[Short web captions]

>>>>

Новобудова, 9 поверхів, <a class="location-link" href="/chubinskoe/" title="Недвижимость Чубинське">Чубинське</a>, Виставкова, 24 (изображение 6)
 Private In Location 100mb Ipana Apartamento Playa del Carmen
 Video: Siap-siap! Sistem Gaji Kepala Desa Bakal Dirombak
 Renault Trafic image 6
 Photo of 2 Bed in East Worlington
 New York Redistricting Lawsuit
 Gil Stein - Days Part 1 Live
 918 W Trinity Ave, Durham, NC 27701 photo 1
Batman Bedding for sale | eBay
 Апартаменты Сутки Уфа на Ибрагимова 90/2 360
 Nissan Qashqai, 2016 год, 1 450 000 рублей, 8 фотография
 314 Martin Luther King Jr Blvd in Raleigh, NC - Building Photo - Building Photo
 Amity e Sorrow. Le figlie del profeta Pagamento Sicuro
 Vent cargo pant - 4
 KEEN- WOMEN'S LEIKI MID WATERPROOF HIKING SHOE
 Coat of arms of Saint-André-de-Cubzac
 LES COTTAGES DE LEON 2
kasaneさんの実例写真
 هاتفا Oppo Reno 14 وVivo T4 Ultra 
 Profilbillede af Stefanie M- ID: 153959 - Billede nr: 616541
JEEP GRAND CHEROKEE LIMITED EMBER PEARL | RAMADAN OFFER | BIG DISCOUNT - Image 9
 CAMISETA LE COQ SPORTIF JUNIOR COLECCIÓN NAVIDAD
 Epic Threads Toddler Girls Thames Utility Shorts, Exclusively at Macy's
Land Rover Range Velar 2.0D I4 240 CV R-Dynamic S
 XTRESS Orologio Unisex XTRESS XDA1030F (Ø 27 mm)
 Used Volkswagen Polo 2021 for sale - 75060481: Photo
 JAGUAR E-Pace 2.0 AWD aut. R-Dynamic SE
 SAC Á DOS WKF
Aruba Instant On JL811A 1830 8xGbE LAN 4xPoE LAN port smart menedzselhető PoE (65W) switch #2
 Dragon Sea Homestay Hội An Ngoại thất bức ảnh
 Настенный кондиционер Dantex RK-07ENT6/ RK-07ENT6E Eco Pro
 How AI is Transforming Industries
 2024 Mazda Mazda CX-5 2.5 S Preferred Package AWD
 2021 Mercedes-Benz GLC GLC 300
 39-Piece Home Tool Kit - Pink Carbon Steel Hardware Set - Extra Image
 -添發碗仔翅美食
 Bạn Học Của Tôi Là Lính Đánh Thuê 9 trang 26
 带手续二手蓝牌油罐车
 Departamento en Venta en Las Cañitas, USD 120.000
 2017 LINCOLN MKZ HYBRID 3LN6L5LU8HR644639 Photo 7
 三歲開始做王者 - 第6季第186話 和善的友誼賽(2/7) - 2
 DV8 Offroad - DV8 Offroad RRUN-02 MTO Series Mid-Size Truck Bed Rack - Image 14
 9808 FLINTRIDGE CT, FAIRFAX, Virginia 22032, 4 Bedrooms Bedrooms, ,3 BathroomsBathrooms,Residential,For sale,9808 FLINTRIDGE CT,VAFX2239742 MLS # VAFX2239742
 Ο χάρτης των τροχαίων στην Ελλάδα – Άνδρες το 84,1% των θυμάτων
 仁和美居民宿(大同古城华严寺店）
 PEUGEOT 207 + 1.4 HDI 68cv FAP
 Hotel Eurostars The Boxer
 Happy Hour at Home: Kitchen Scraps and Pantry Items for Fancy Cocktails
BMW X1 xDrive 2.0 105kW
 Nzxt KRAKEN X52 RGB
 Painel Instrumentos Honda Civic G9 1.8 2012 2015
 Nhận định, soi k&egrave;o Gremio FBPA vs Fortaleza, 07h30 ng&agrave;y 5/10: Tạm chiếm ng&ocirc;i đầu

<<<<

Output only the lines running from the line with "9808 FLINTRIDGE CT, FAIRFAX, Virginia" through the final line of the data, inclusive.

 9808 FLINTRIDGE CT, FAIRFAX, Virginia 22032, 4 Bedrooms Bedrooms, ,3 BathroomsBathrooms,Residential,For sale,9808 FLINTRIDGE CT,VAFX2239742 MLS # VAFX2239742
 Ο χάρτης των τροχαίων στην Ελλάδα – Άνδρες το 84,1% των θυμάτων
 仁和美居民宿(大同古城华严寺店）
 PEUGEOT 207 + 1.4 HDI 68cv FAP
 Hotel Eurostars The Boxer
 Happy Hour at Home: Kitchen Scraps and Pantry Items for Fancy Cocktails
BMW X1 xDrive 2.0 105kW
 Nzxt KRAKEN X52 RGB
 Painel Instrumentos Honda Civic G9 1.8 2012 2015
 Nhận định, soi k&egrave;o Gremio FBPA vs Fortaleza, 07h30 ng&agrave;y 5/10: Tạm chiếm ng&ocirc;i đầu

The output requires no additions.